L’Exposition universelle qui me laisse un souvenir plus vague que tel souvenir théâtral qui la précède. De cette foire confuse et poussiéreuse, je conserve une seule image vivante et flamboyante : Mme Loïe Fuller. Que reste-t-il des bonhommes Guillaume, de Cléo de Mérode en cuirasse d’or, du trottoir roulant, des maréoramas et des stéréoramas, du château à l’envers et des fontaines lumineuses ? Est-il, en revanche, possible d’oublier la dame qui trouve la danse de son époque ? Une grosse américaine, assez laide et à lunettes, debout sur une trappe-lentille, manœuvre avec des perches des flots de voile souple, et sombre, active, invisible, comme le frelon dans la fleur, brasse autour d’elle une innombrable orchidée de lumière et d’étoffe qui s’enroule, qui monte, qui s’évase, qui ronfle, qui tourne, qui flotte, qui change de forme, comme la poterie aux mains du potier, tordue en l’air sous le signe de la torche et de la chevelure.
Maxim’s, le Grand Palais, Lalique… certes ! Ils vous donnent une idée de 1900, ils dressent une carcasse de feu d’artifice.

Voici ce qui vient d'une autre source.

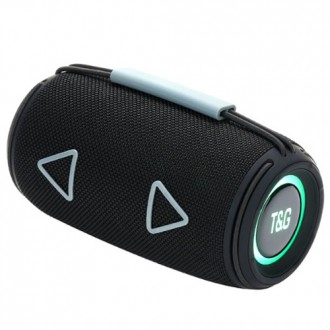  Bluetooth-колонка TG657, c функцией speakerphone, радио, black. . фото 2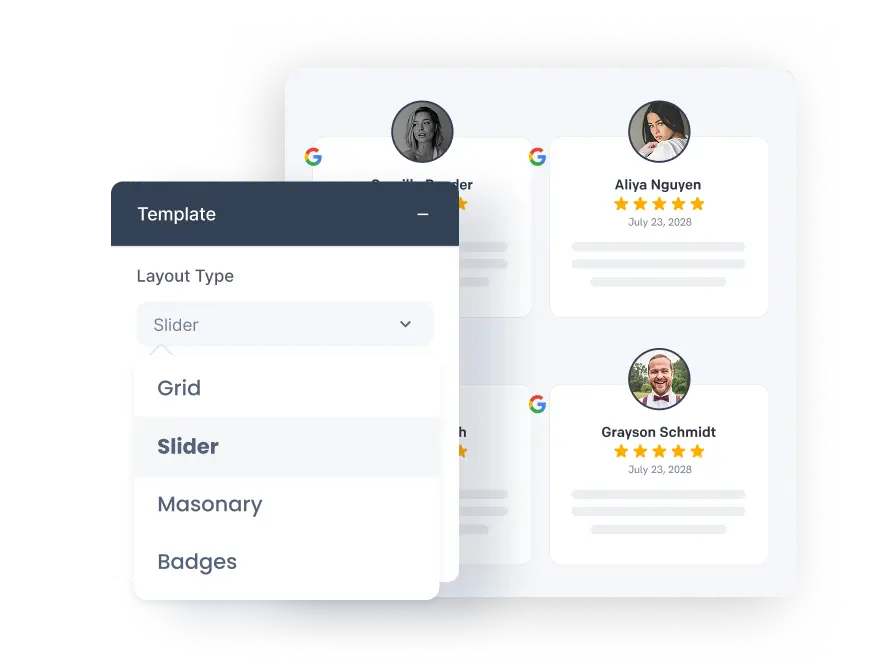 personalize & design your template in your style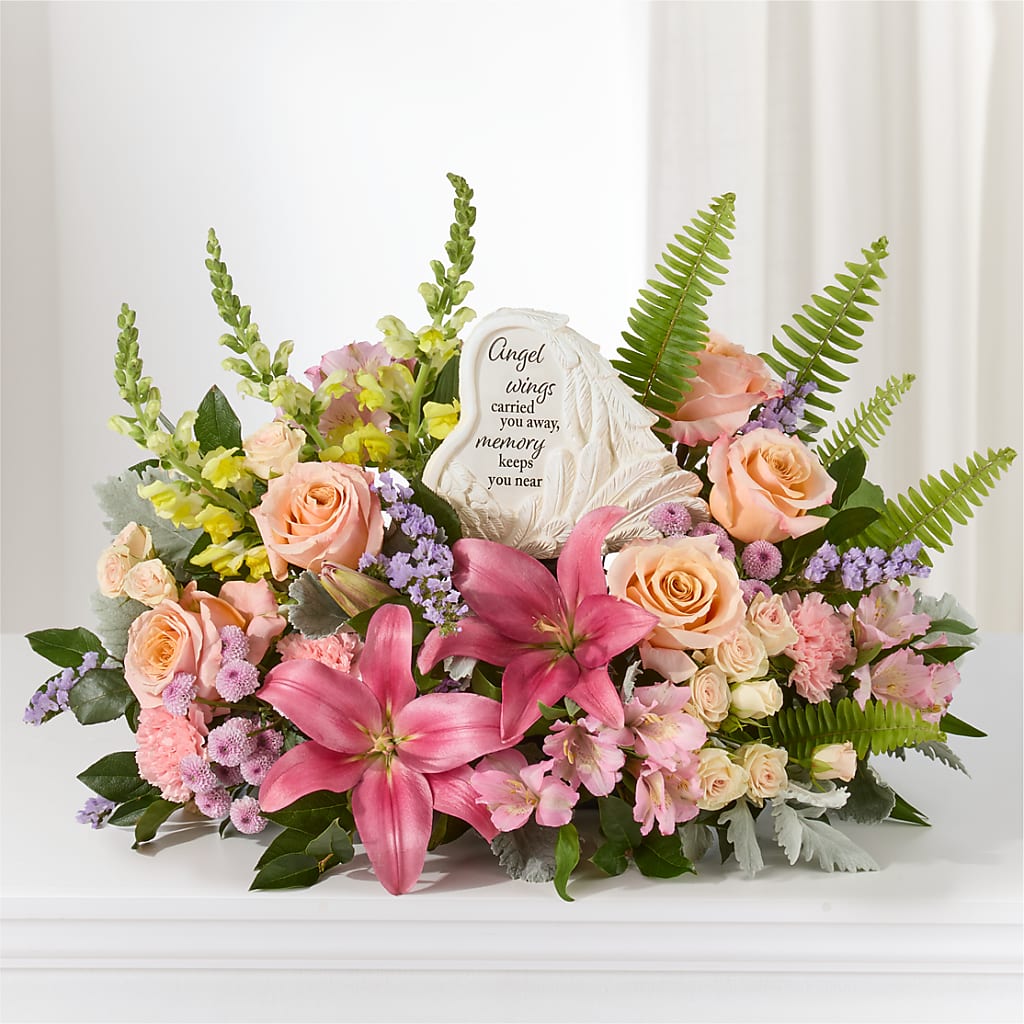 Gentle Light Arrangement – M & A FLOWERS AND EVENTS, South Gate CA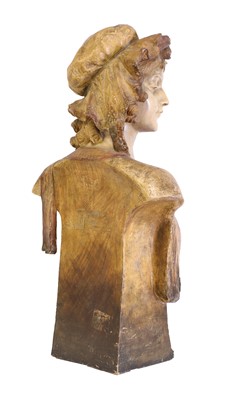 Lot 33 - A Goldscheider terracotta bust of a girl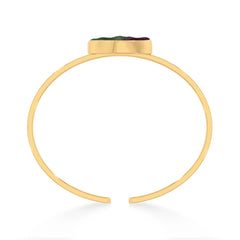 ruby-zoisite rough bracelet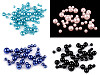 Plastic Imitation Pearl Beads Glance mix of sizes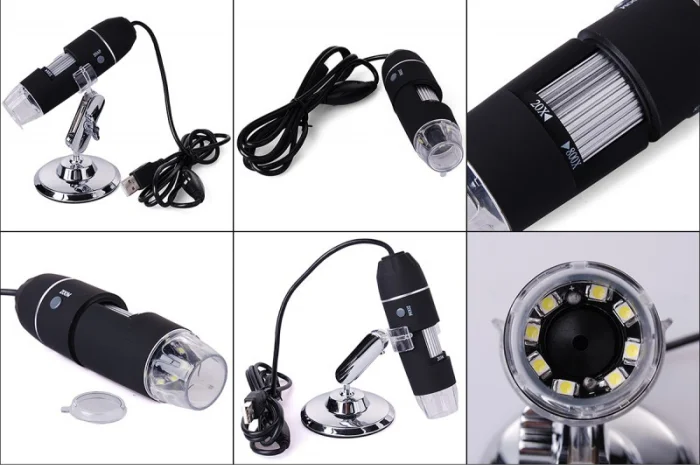 USB микрскоп Magnifier SuperZoom 50-500X с LED подсветкой- фото № 6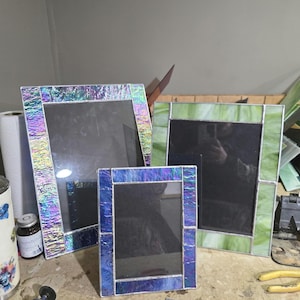 Custom Made Stained Glass Picture Frame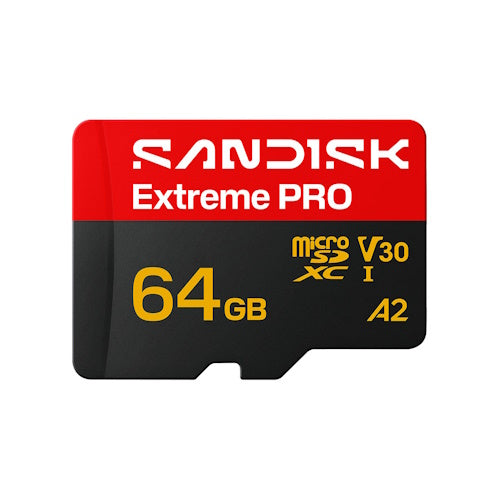 SANDISK Extreme Pro 64GB SDSQXCU-064G-GS6MA microSDXC Memory Card C10 U3 V30 A2 UHS-I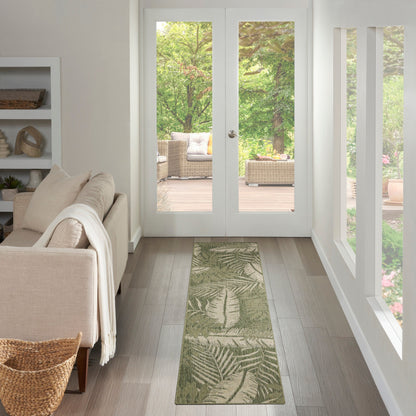 Tapis d'intérieur/extérieur nature Nourison Garden Oasis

Saluons ici la danseuse, qui tirait ce feu d’artifice, l’élément qui dressait ce fantôme d’une époque où la femme, ses dessous et ses grâces onduleuses, règne jusqu’à prendre sur les quadriges de marbre du Grand Palais, la place habituellement réservée aux jeunes hommes.

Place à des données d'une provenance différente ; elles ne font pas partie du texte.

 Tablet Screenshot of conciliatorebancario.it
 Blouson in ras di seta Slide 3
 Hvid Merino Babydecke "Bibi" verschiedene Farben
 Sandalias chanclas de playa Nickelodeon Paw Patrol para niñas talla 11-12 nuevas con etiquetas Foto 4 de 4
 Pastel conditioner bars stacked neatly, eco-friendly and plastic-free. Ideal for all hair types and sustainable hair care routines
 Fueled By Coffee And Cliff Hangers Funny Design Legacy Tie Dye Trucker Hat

Jean Cocteau, Portraits souvenir, Grasset
Isadora ! Que ma rêverie s’arrête un peu sur elle, femme admirable et digne de ces époques et de ces villes qui échappent aux règles du bon goût, les bousculent et les dépassent. J’aimerais paraphraser Nietzsche et Wilde : Elle a vécu le meilleur de sa danse. Peu lui importaient les détails. Elle ne clignait pas un œil artiste et ne prenait pas de recul. Il s’agissait de vivre en masse, par-delà le beau et le laid, d’empoigner la vie et de la vivre nez à nez, les yeux dans les yeux. C’était l’école de Rodin.

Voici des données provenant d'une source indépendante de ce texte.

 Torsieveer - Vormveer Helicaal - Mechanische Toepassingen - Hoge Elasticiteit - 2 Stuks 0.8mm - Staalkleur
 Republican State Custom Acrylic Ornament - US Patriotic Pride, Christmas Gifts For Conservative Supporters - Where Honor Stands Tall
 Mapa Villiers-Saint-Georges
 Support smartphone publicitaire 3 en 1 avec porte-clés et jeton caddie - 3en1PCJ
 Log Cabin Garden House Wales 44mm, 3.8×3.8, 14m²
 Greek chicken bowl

Peu la dérange, notre danseuse, si la robe glisse et découvre des formes informes, si les chairs tremblent et si la sueur coule. Tout cela reste en arrière de l’élan. Demandant des enfants aux mâles et les obtenant et les réussissant et les perdant atrocement d’un seul coup de malchance farouche, dansant au Trocadéro accompagnée de l’orchestre Colonne ou, par un phonographe, sur les esplanades d’Athènes et de Moscou, comme a vécu cette Jocaste elle est morte, victime de la complicité d’une voiture de course et d’un châle rouge. Châle qui la détestait, la menaçait, l’avertissait ; qu’elle bravait et s’obstinait à mettre.